Chairman Royce Opening Statement

Washington, D.C. – Today at 9:30 a.m., House Foreign Affairs Committee Chairman Ed Royce (R-CA) will convene a hearing entitled “The Administration’s Plan to Close the Guantanamo Bay Detention Facility: At What Foreign Policy and National Security Cost?”  Live webcast and witness testimony will be available HERE.

Below is Chairman Royce’s opening statement (as prepared for delivery) at the hearing:

President Obama’s race to empty the Guantanamo Bay detention facility is on. In recent weeks and months, many hardened terrorists have been released and sent abroad. And according to the President’s closure plan sent to Congress last month, another 35 are set to be transferred by summer.

Unfortunately, we know many of the recipient countries don’t have the desire or commitment or ability to monitor these dangerous individuals and prevent them from returning to the battlefield.  Countries like Ghana and Uruguay aren’t typical security and intelligence partners, but they are being asked to shoulder a heavy burden and responsibility.  And there are real concerns about the Administration setting aside intelligence assessments to deceive countries about the threat posed by the militants they are being asked to take-in.

That was certainly a finding of a Committee investigation into the release of six detainees to Uruguay in December 2014.  The top State Department official overseeing Guantanamo at the time wrote to the Uruguayan President that there was “no information” that these six were “involved in conducting or facilitating terrorist activities against the United States or its partners or allies.”  No information? They were known to have been hardened al-Qaeda fighters, involved in forging documents, trained as suicide bombers, and fighters at Tora Bora.

Although the law clearly states that steps must be taken to “substantially mitigate the risk” of released individuals from again threatening the United States, senior Uruguayan officials asserted before these six arrived that they would not impose or accept any conditions to receive these former detainees.  Indeed, these six terrorists were housed just blocks from the U.S. Embassy, without the prior knowledge of U.S. officials.

The Administration often talks of detainees “cleared for release” as if they are no longer a threat.  But just over 30 percent of the detainees that have been released are either confirmed or suspected to have returned to the battlefield. Several of the senior leaders of al-Qaeda in the Arabian Peninsula are Guantanamo alums.  The Administration is emptying Guantanamo with the flimsy claim that it is a terrorist recruiting tool.

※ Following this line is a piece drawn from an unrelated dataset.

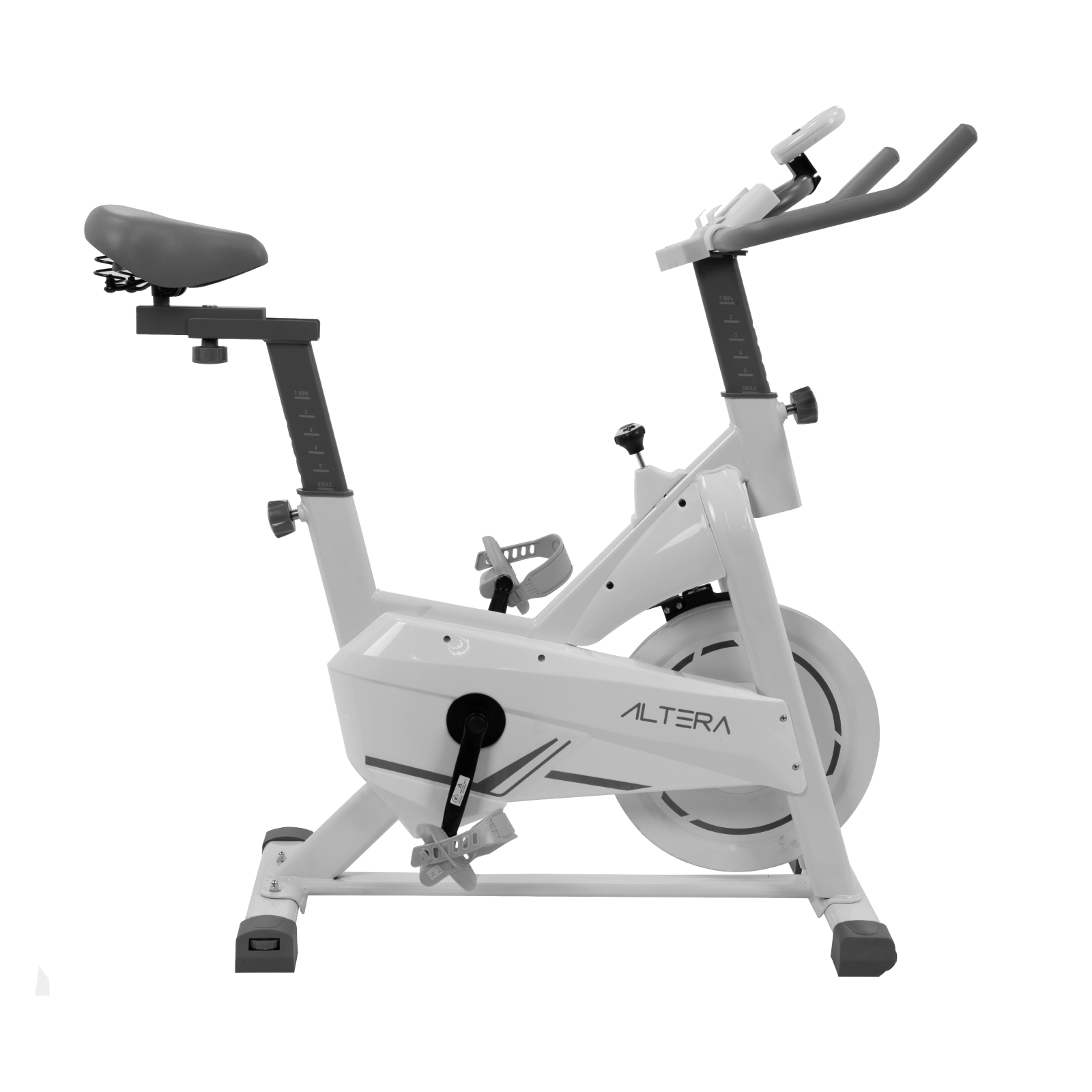 Altera - Bicicleta Fija ajustable para Spinning con disco de inercia y un monitor de progreso (BLANCO/GRIS)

Closing this detention facility has been opposed by bipartisan majorities in Congress and even members of President Obama’s own Cabinet.  It’s no secret that former Secretary of Defense Hagel was pushed-out in part because he was not certifying releases fast enough for the White House.

Yet President Obama remains determined to push out as many terrorists as he can to other countries.  Forty-five or so other “law of war detainees” would be moved to U.S. soil. Doing so could open a Pandora’s Box of legal issues impairing out anti-terrorism efforts.

Fortunately, any effort to bring Guantanamo detainees to U.S. soil would be against the law. That’s according to our Secretary of Defense and Attorney General.  I see no interest in changing that law—certainly not by the American people—and our laws must be honored.

The White House meanwhile has no solid plans to detain and interrogate terrorists captured today.  Indeed, the Administration admits that its proposed domestic Guantanamo would not take in any new terrorists captured on the battlefield.  If the Administration was spending as much time working to capture and detain ISIS fighters as it was trying to close down a perfectly good facility at Guantanamo Bay, we’d be more secure.

ISIS is continuing to threaten and expand in Libya, Afghanistan and elsewhere.  Europe is under siege by jihadists. We are under attack. So unfortunately—we are going to need a detention facility for fanatical terrorists—whose processing in the U.S. legal system is unwarranted and simply not feasible—for a long time to come.